Within the records that follow, restate exactly the lines from the line with "So the programmer" down to the line with "The backup will", including both. Omit the pictures.

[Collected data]
....

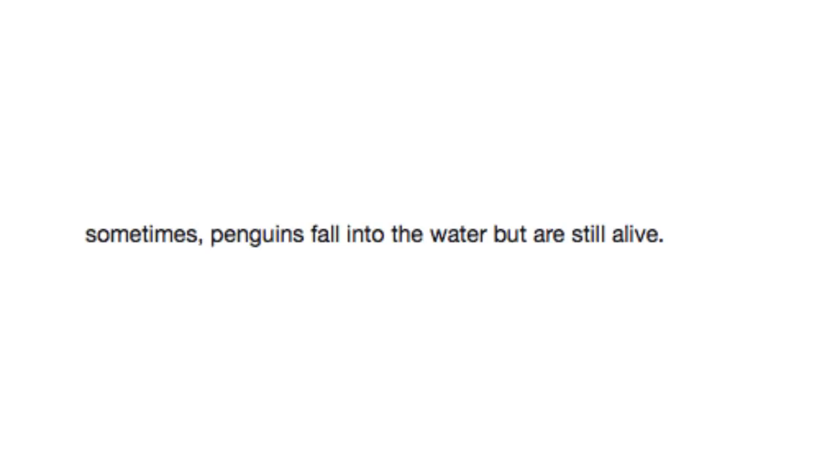Sometimes, penguins fall into the water, but are still alive. Good? Can't imagine how screwed they would be if they just fell into the water and died.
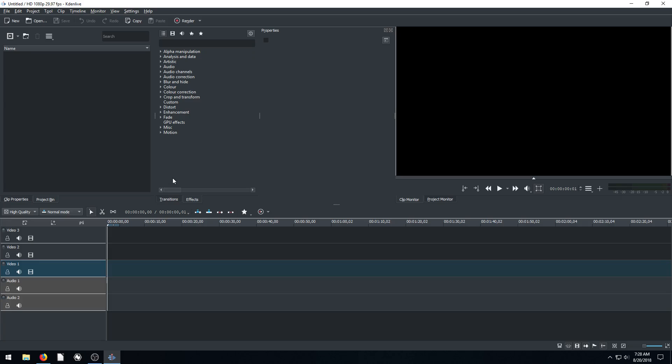Welcome back to another video editing tutorial using the free software Kdenlive. In this video, I'm just going to go through and demonstrate some of the artistic video effects that you can apply to video footage or to images.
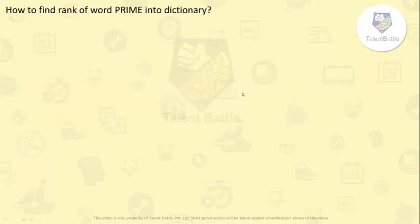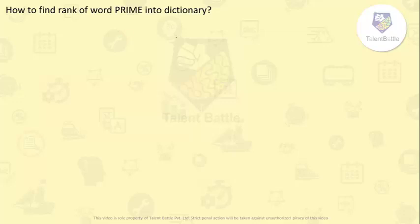First question: how to find the rank of the word PRIME in the dictionary? This particular question can be solved by two methods. Whenever they ask us to find the rank, what we need to do is — when all the letters of the given word are written in all possible orders and arranged in alphabetical or dictionary order — we need to find out the rank. One method is to use the permutation method: calculate the number of words which will come before the word PRIME.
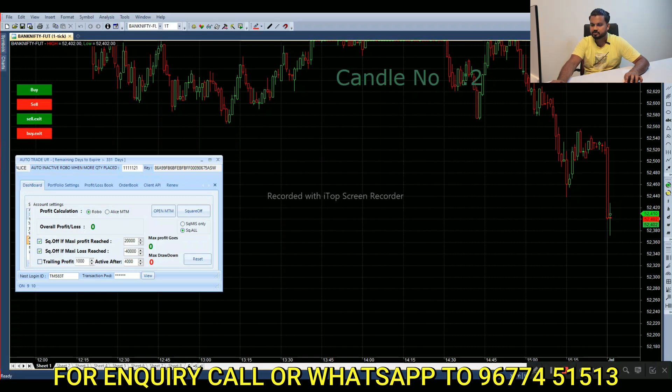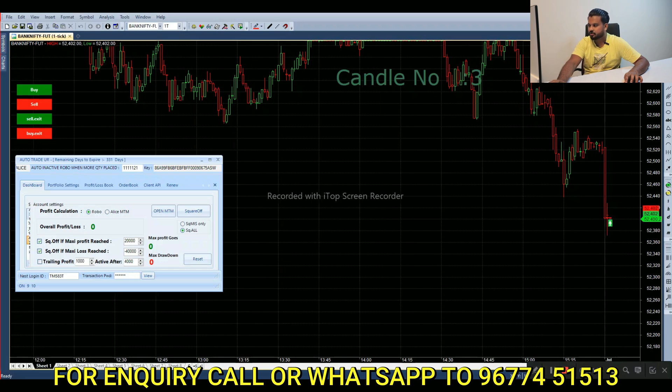We set a 20-20 profit. Start plus $40,000. So a 2:2:1 ratio. When we open it, we have a 2:2:1 ratio.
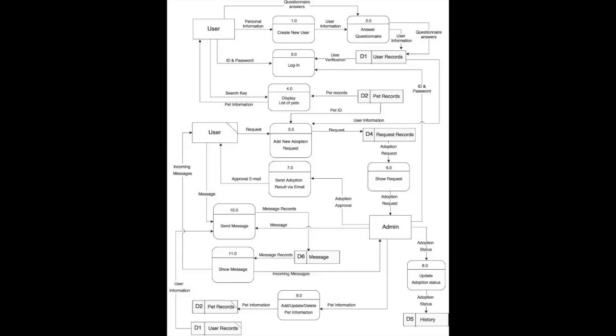Then send message for user to contact us to admin. The message will send by user and user information will bring from data store user, and the message will be posted on contact us message data store. And lastly, eleventh process shows message which will show message to user and admin.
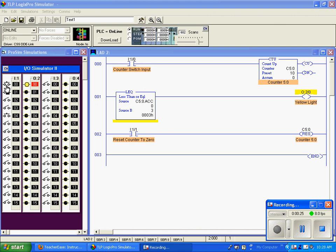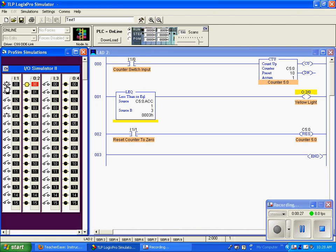I now increment the counter to one, two, three. Well, three is equal to three, so this is going to remain true until we go to four.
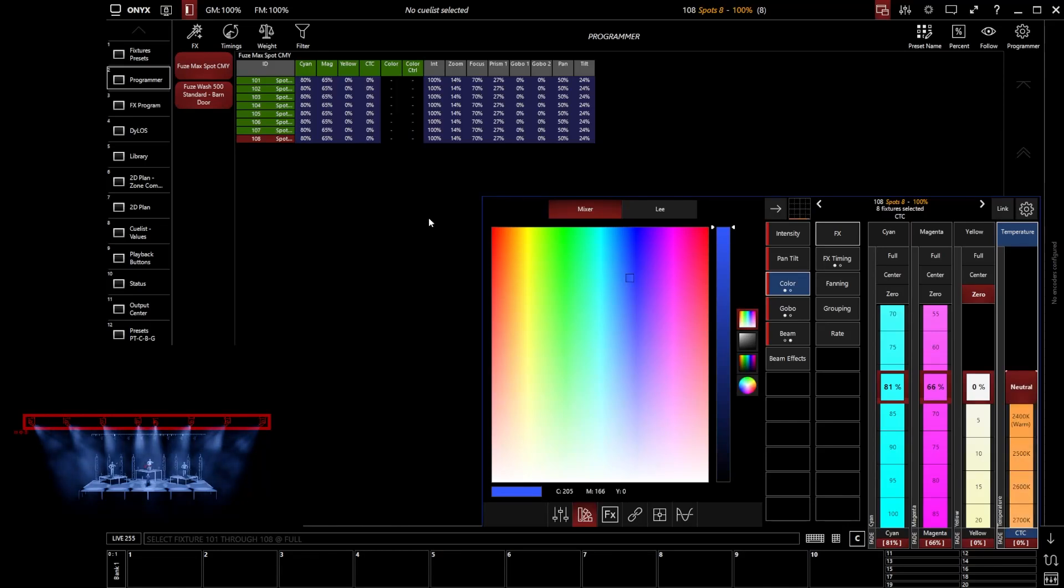So the programmer is really important because it is showing us what values will get included. A couple of handy things in here.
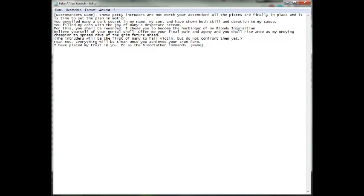Then these intruders shall be the first of many to fall victim. Fear not. Everything will be clear once you achieve your true form. I have placed my trust in you. Do as your blood father commands, Basilius.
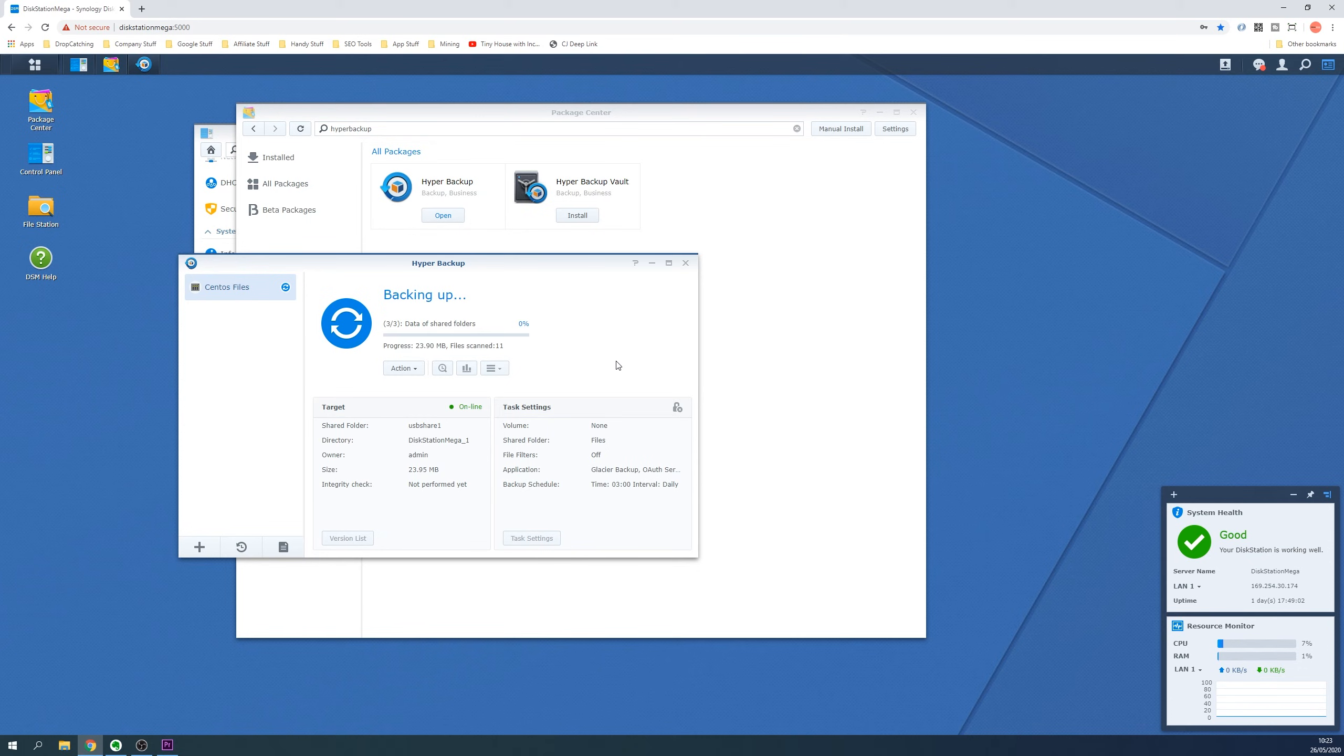The backup will now commence and this could take a while as it depends on the amount of data you are backing up, the speed of your Synology NAS and the speed of the disks.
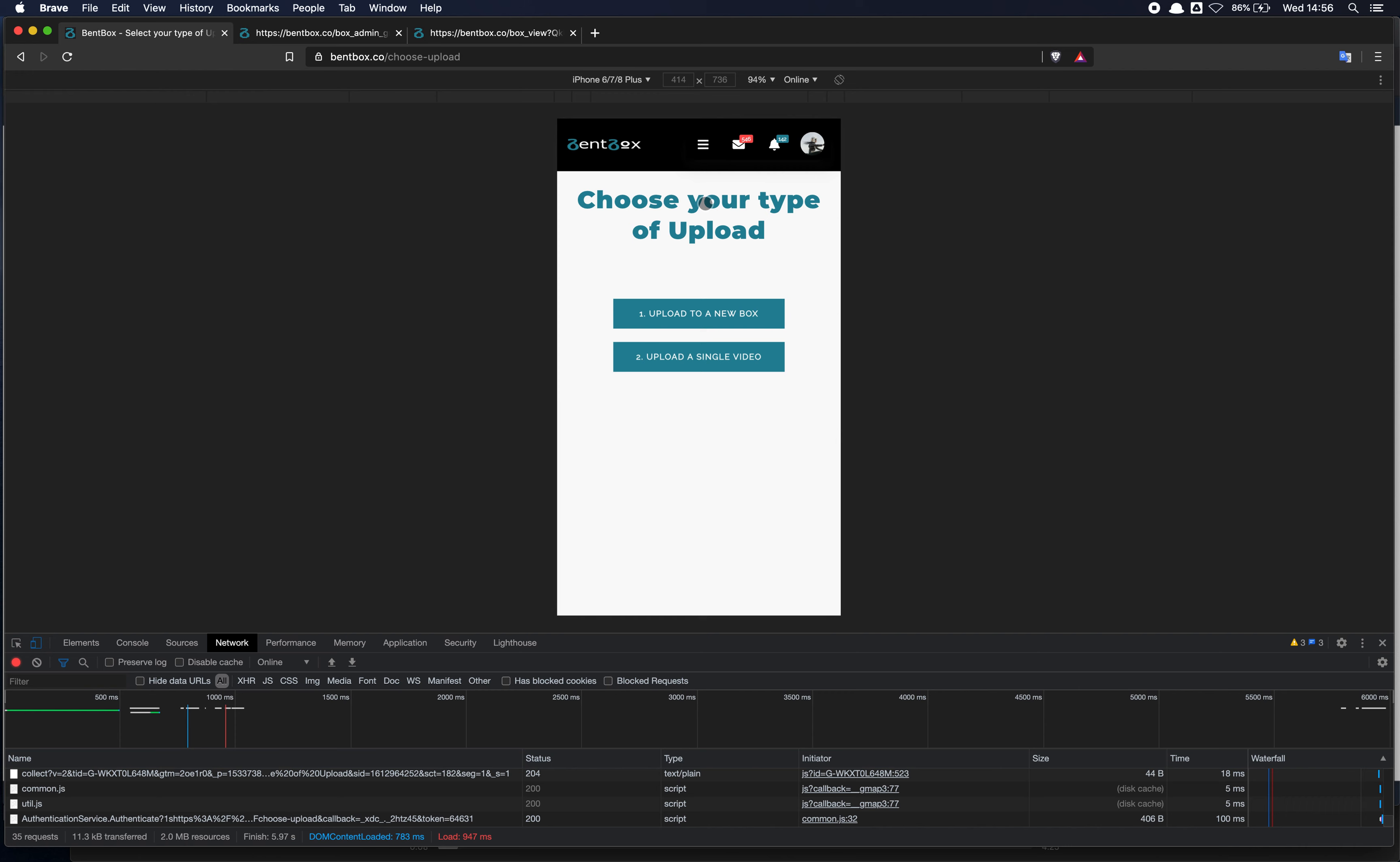Now, the main difference between boxes and videos is that a box is a digital container. It can contain as many photos and videos as you like, and it can contain a mix of photos and videos, whereas a single video is just a single video, like you would do on Vimeo or YouTube.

....

*Problem solution*
So the programmer is really important because it is showing us what values will get included. A couple of handy things in here.
Then these intruders shall be the first of many to fall victim. Fear not. Everything will be clear once you achieve your true form. I have placed my trust in you. Do as your blood father commands, Basilius.
The backup will now commence and this could take a while as it depends on the amount of data you are backing up, the speed of your Synology NAS and the speed of the disks.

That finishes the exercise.